- Dataset content -
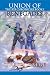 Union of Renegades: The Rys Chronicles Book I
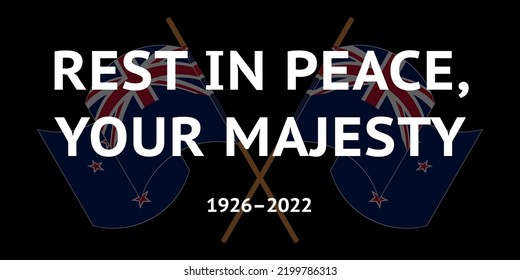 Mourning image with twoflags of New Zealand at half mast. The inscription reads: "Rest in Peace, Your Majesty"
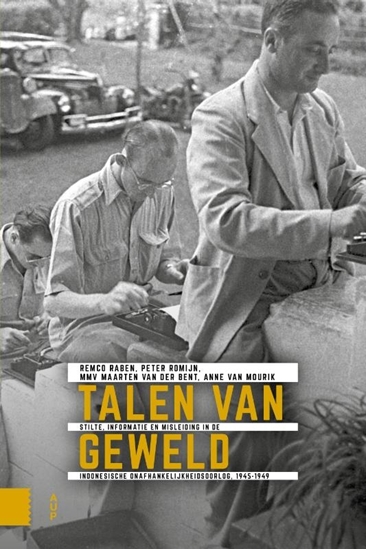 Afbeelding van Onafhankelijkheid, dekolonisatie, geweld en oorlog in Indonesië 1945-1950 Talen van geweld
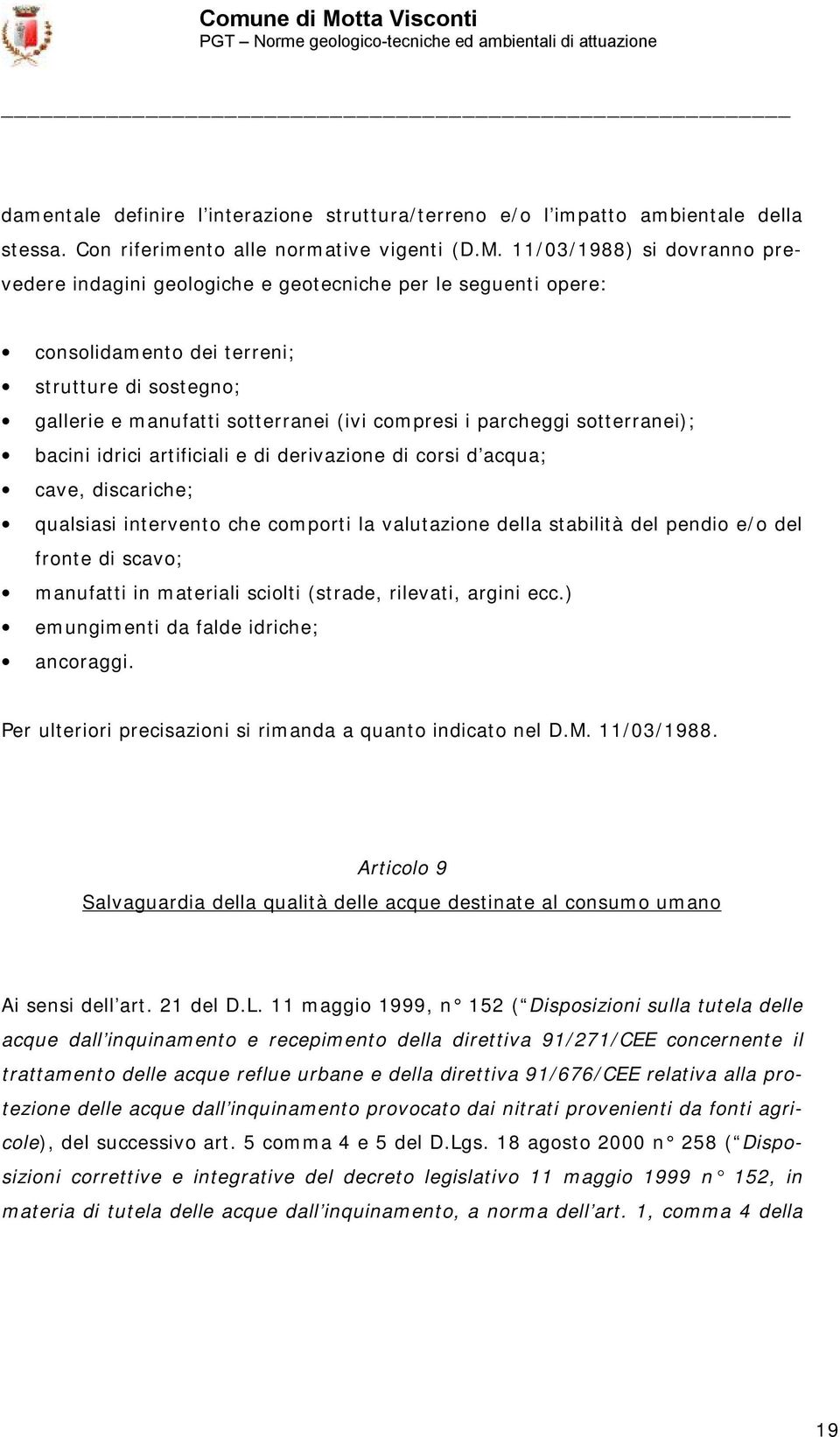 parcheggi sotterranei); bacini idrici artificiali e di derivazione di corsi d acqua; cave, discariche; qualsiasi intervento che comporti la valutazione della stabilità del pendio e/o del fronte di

- What you need to do -
Write out the material above without changing a word, and skip any picture.

- Answer -
 Union of Renegades: The Rys Chronicles Book I
 Mourning image with twoflags of New Zealand at half mast. The inscription reads: "Rest in Peace, Your Majesty"
 Afbeelding van Onafhankelijkheid, dekolonisatie, geweld en oorlog in Indonesië 1945-1950 Talen van geweld
 parcheggi sotterranei); bacini idrici artificiali e di derivazione di corsi d acqua; cave, discariche; qualsiasi intervento che comporti la valutazione della stabilità del pendio e/o del fronte di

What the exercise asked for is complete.